Go beyond emphathy, Be a responsible leader~
Edwin H. Friedman, in his book A Failure of Nerve, examines the connections between rapid solutions in an age of anxiety to well-differentiated leadership. According to his lifetime research and experience in social psychology, he concluded that a well-differentiated leadership would bring progress and healing to any broken relationships, families, company, and society. According to Friedman, the function of a leader is to provide a “regulation through his or her non-anxious, self-defined presence.”[1] In any personal relationships and corporate organizations, the system of interactions will always involve a relational phenomenon between the leadership and the followers. As I read through this book this time, I got to engage with the contents in chapter four – survival in a hostile environment.
I just came back from a mission trip to Bukoba, Tanzania, with three other pastors. In the short period of two and a half weeks, we covered a lot of ministry with just the four of us. As a team, we were able to teach seminary students, ran VBS and youth programs, went around all over northeast Tanzania, and set up ten house churches partnering with seminary students. The host was a missionary couple named Helena and Truth Chung. Helena and Truth went out as a missionary to Bukoba after retiring and living in silicon valley for over 30 years. They have been there for just about five years now, and they are in their mid-60s. As I read through this chapter, I reflected on the emotional barrier that Friedman discusses in chapter four. From the stories I heard from Helena and Truth, they experienced growth in their leadership as they learned to survive through a hostile environment. Friedman argues about the great myth that “feeling deeply for others increases their ability to mature and survive; its corollary is that the effort to understand another should take precedence over the endeavor to make one’s own self clear.”[2] The missionary couple shared with our team about their empathy issues and lots of emotional struggles for the first two years when they first arrived in Bukoba. They first saw overwhelming essential needs such as water, food, clothing, and education needed for the people in the villages.
The first two years were spent trying to provide and give to those essential needs, but after about two years, they could see beyond tiring work trying to meet the never ending needs. They came to a difficult realization that just giving and doing mercy work harmed the missionaries themselves and the people in the villages.

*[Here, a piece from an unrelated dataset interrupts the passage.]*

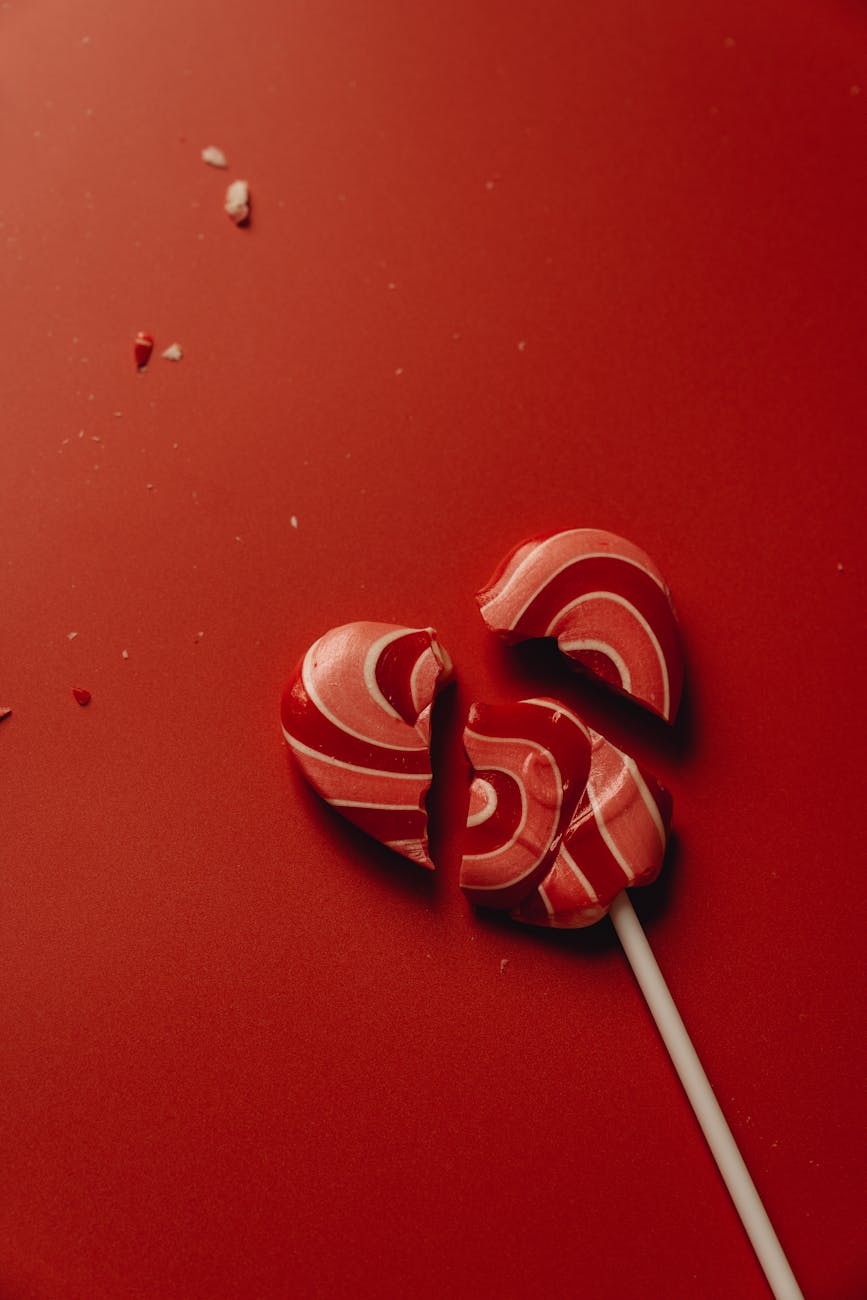 close up photo of a red broken heart shaped lollipop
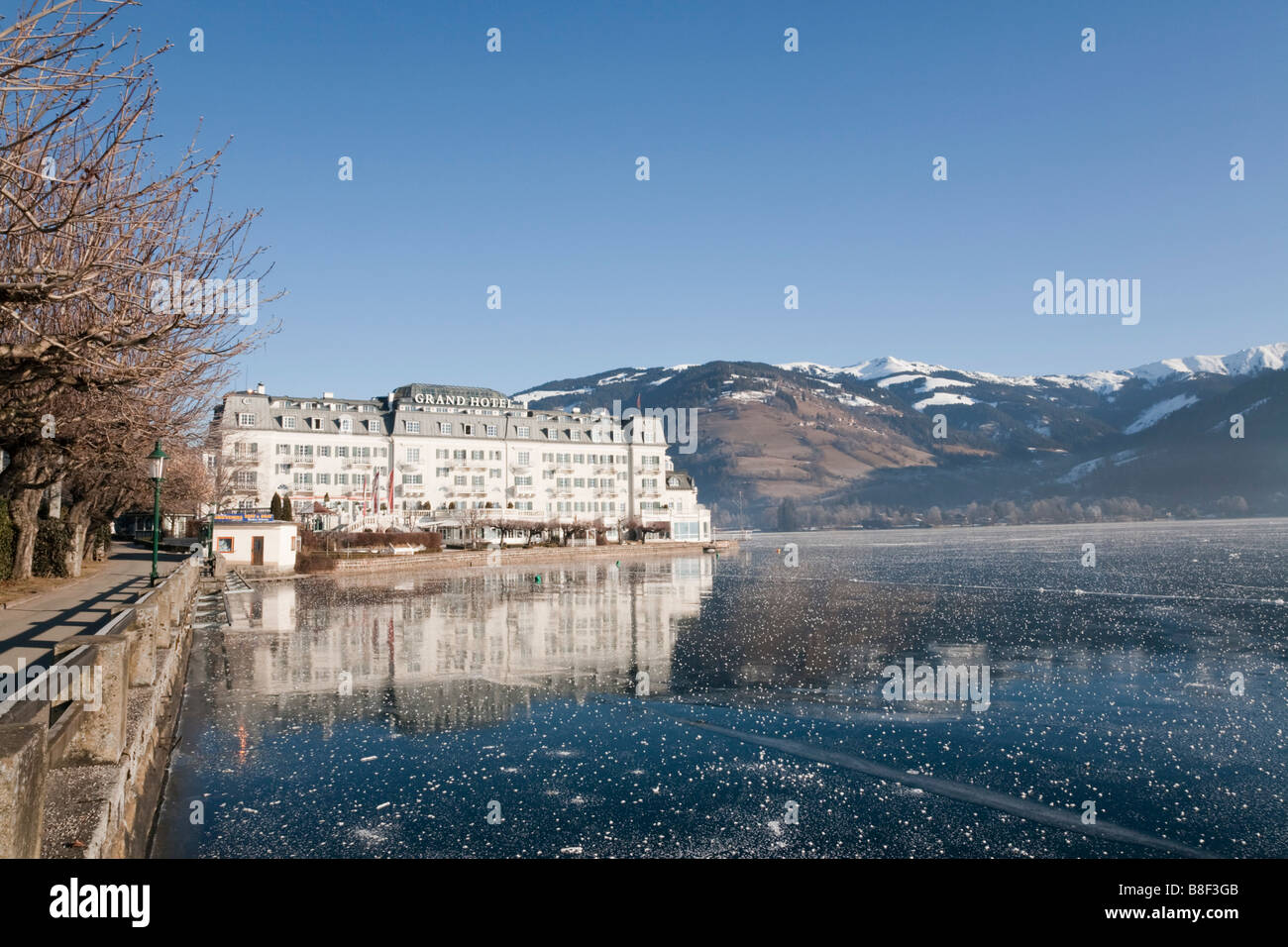 Frozen Zeller See lake and lakeside Grand Hotel in alpine resort in winter. Zell am See Austria Europe Stock Photo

They learned that many viruses and malignant cells were forming out of their empathy work if they weren’t careful. As they shared about changing their mission strategy to prioritize bringing healthy relationships to the village, I observed a perfect example of well-differentiated leadership. Helena and Truth Chung were becoming a more significant resource to the hostile mission field by offering a “healthy dose of self, the capacity to take responsibility for one’s condition, resiliency, self-regulation of anxious reactivity, a varied repertoire of responses.”[3] In our world that demands quick fixes and shouts for greater empathy to pain and problems, the well-differentiated leaders must stand their ground to provide a safe host of responsibility and restoration of relationships within a family and organizations.
[1] Edwin H. Friedman and Peter Steinke, A Failure of Nerve, Revised Edition: Leadership in the Age of the Quick Fix. 10th Anniversary edition. (New York: Church Publishing, 2017), 160.
[2] Friedman, A Failure of Nerve, 143.
[3] Friedman, A Failure of Nerve, 161.